But Iowa City’s justice center opposition has included a faction with a different objection: They don’t want the county to put so many people in jail in the first place.

Maybe it’s because of the city’s heritage (See: Iowa City, People’s Republic of). Maybe it’s because our police arrest more than a city’s average share of young drunks (See University of Iowa, Parties).

The county’s jail and courthouse facilities are woeful. About 100 inmates are crammed into a jail space designed for half that many bodies; dozens more are shipped out daily to facilities in nearby counties.

The 100-plus-year-old courthouse has too few courtrooms, little meeting and storage space, and lacks modern security.

It’s up to voters to approve the $46.8 million bond issue that would greenlight construction of a 153,800-square-foot justice center that would address all those inadequacies.
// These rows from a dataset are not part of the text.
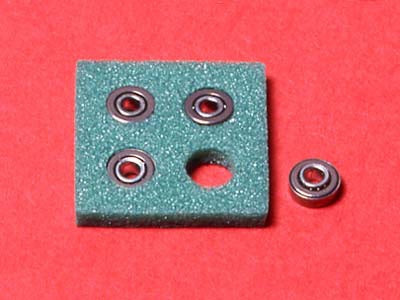 [15111] Round Hole Ball Bearing Set (4 pcs.)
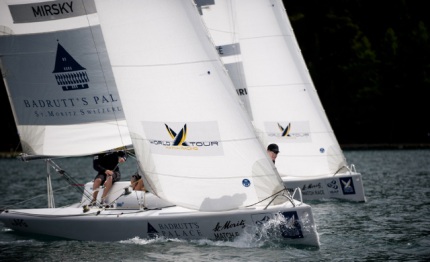le acque di st moritz sono pronte per campioni del match race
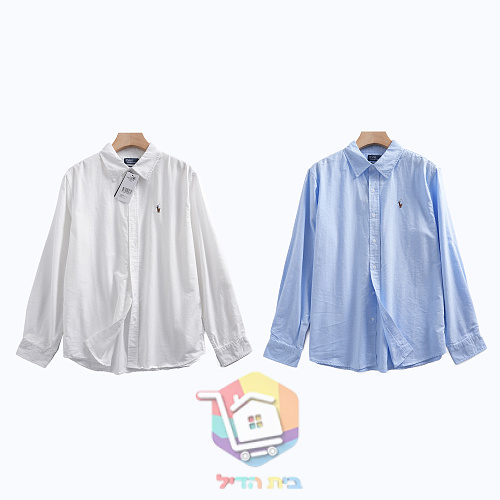 חולצת אוקספורד Polo Ralph Lauren בשרוול ארוך 13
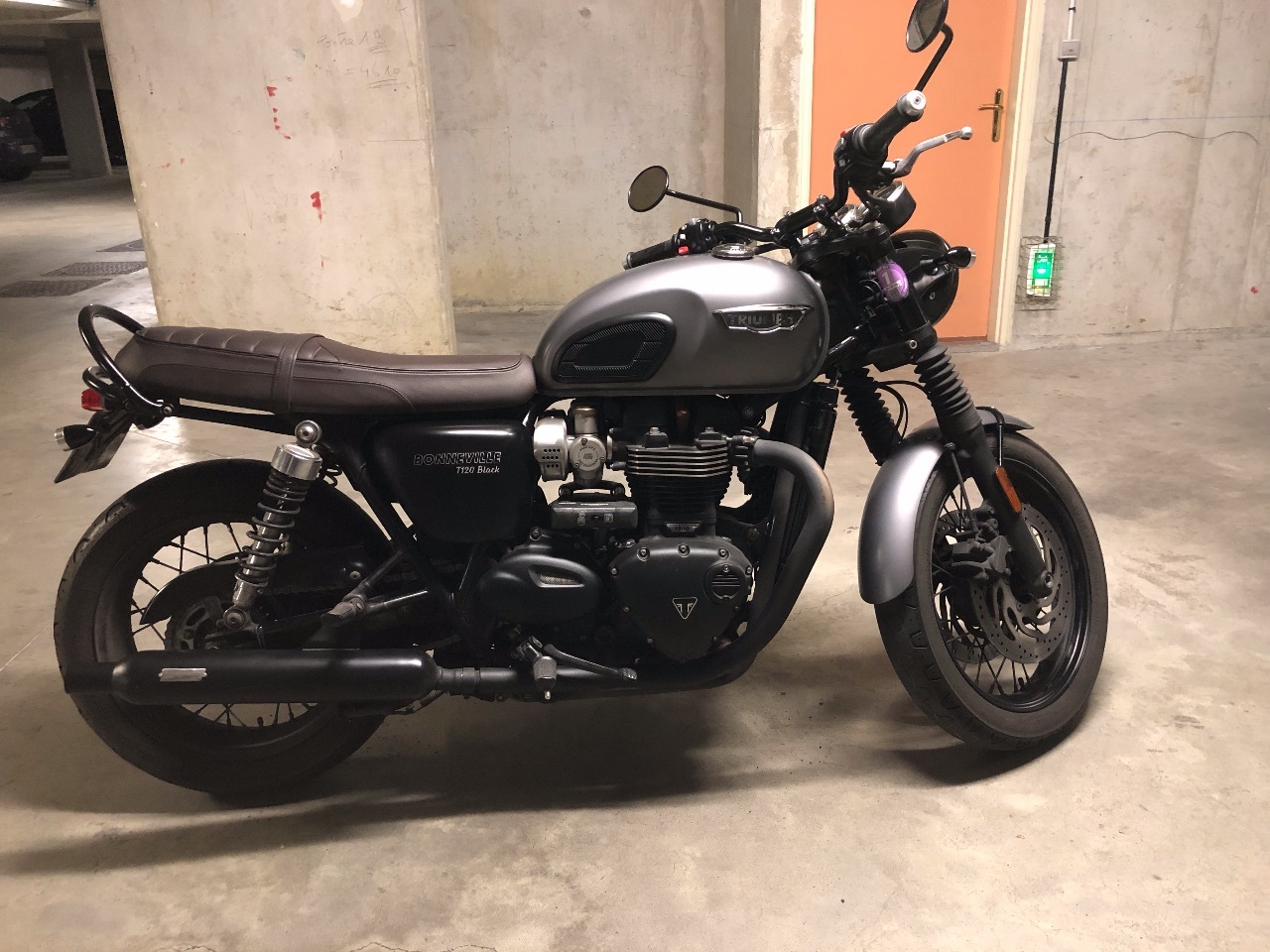 Triumph Bonneville T120 Occasion Le Bon Coin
Still, a number of folks here have long opposed building a new justice center because they think it only encourages a system that already puts too many people behind bars, and which disproportionately punishes poor folks and people of color.

Their ideological objections had the very real effect of helping to tank the last jail referendum more than a decade ago. Officials aren’t taking any chances this time, holding forums and offering tours of current facilities to help voters understand the need.

It seems they’ve changed at least one mind: Respected blogger and super-lefty John Deeth did an about-face on the issue just over a week ago, making what he called the “biggest liberal flip-flop since Birkenstocks were invented” — urging his fellow former “no” voters to do the same.

Voting against the justice center means endangering improvements that will protect the rights of inmates to consult with attorneys in private, to visit with family and friends, to take part in programming and to have their day in court, he writes. It will help ensure the safety of jurors, victims, witnesses, the public and even the accused. He’s right.

Deeth’s change of heart could help give the justice center referendum the push it needs to pass this time — let’s hope it does.

The principled stance of symbolic “no” voters might cost those voters very little. But, as Deeth came to realize, it is county employees and jail inmates, as well as citizens who would access the courts, who will pay the price.